At the first stage, a scientist's activity is better described by "manipulating and exploring models and methods" than by "software development". Computational models are of course algorithms, and thus software, but this is almost a technical detail. What is more important is a clear view of the hypotheses and approximations that have lead to a specific model, and a trace of the scientific validation that has been performed (comparison with experimental data and with other models). Programming languages are not at all a good match for this kind of work, nor are software engineering approaches such as testing. In terms of software technology, a computational model is much closer to a specification than to a piece of software.

For the next stage, the evaluation of a new idea in a narrow community of specialists, the technical requirements are somewhere in between the two neighboring stages. The manipulation of computational models loses some importance, whereas evaluation and comparison become more relevant. Interoperability matters a lot: even if the authors of two models chose different languages (corresponding to different scientific notations in the traditional scenario), a comparative evaluation should be a straightforward task. With programming languages, it clearly isn't. The technical difficulties of making programs written in different languages talk to each other are effectively discouraging scientists from even trying. We would need tools such as "notational adapters" and, even more importantly, some low-level conventions for code and data that everybody can agree and build on. As a guideline for developing such technology, keep the analogy with review articles in mind. What would an executable review article about similar but independently developed computational methods look like? Which authoring tools are available to support such work?

Finally, the transition from the first two stages to the last one is not as smooth as it ought to be. Quite often, an implementation written for convenient manipulation by humans must be completely rewritten in order to fit into a collection of optimized subroutines. What we should have is compiler-like tools that translate code from the first two stages into standard programming languages, using annotations added by expert programmers for guidance. The idea is to have a toolchain (1) guarantee the equivalence of the initial and the optimized level, and (2) keep track of additional approximations that were made for performance reasons. Moreover, community-supported optimized software libraries should be usable as infrastructure tools in the next level of model and method development, and thus be interoperable with the tools appropriate for the first stage, which are inexistent for now.

Another way to describe this specificity of scientific computing, compared to other application domains, is the absence of a clear borderline between software developers and software users. Most scientists are users of tried and trusted computational methods while working on the development or validation of methods at another level. The only clear separation we have, conceptually, is the one between scientific models and methods on one hand and computing technology (in particular resource management) on the other hand. Unfortunately, that is exactly the separation that current software technology does not allow us to make.

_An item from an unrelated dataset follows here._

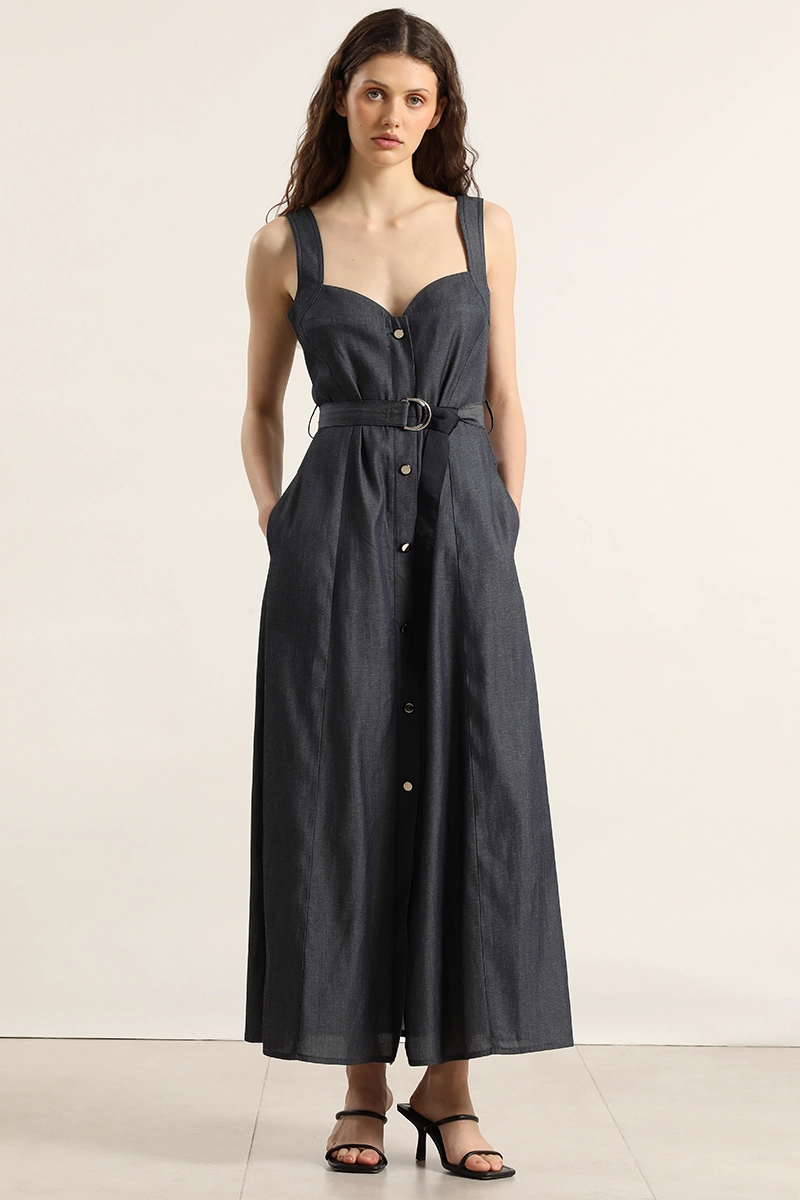 VESTIDO MIDI EFECTO DENIM, INDIGO LIOLA - 3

Comments retrieved from Disqus

:
- Konrad Hinsen:
  I kind of agree with much of what you say, but it's about publishing, not about knowledge representation. In that respect, the transition to digital has opened up many new options and I am all for exploring these - in fact, I am participating actively in doing so.
  The specific topic of this post is not how information is shared and archived, but how knowledge is encoded in the form of symbols. What I want to preserve from the printed paper era is the flexibility of adapting notation to the task. It is programming languages that are rigid and constraining when seen as a medium for expressing thoughts. There are good (but also bad) reasons for that in the context of software development, but they don't carry over to doing science.
  Finally, the analogy with statically linked executables is not very useful in my opinion: an executable is not at all useful for communication scientific knowledge.